■ **ENTRIES SHOWN**:
┌──

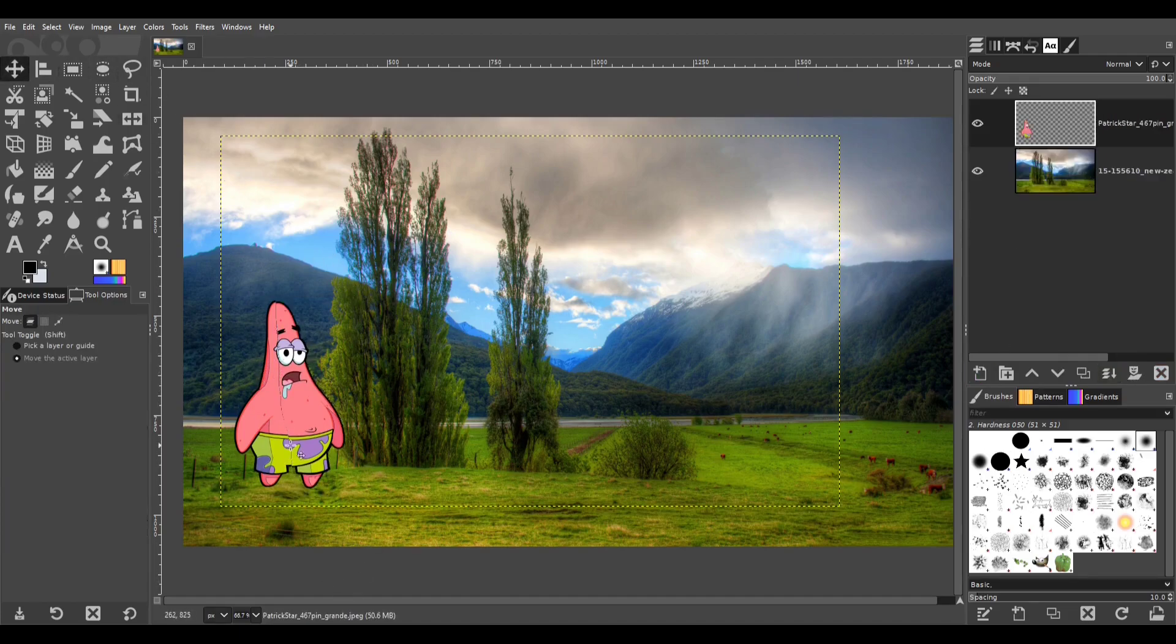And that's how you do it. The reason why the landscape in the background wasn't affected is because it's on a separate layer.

└──
┌──

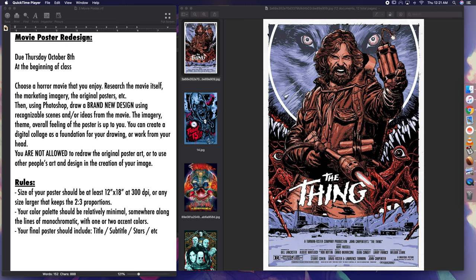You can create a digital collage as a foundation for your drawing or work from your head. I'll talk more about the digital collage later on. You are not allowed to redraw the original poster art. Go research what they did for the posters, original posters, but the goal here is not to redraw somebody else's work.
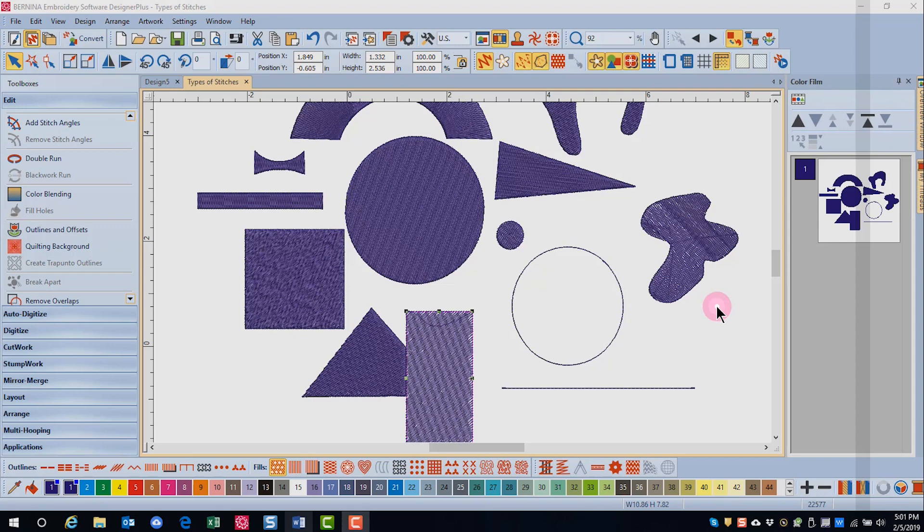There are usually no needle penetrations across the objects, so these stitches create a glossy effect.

└──
┌──

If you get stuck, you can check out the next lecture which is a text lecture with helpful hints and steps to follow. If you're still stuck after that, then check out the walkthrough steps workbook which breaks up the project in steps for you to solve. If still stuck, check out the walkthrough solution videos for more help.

└──

■ **TASK INSTRUCTIONS**:
Copy the lines above exactly, starting with the line that contains "You can create" and ending with the line that contains "There are usually", and leave out any pictures.

■ **EXERCISE ANSWER**:
You can create a digital collage as a foundation for your drawing or work from your head. I'll talk more about the digital collage later on. You are not allowed to redraw the original poster art. Go research what they did for the posters, original posters, but the goal here is not to redraw somebody else's work.
There are usually no needle penetrations across the objects, so these stitches create a glossy effect.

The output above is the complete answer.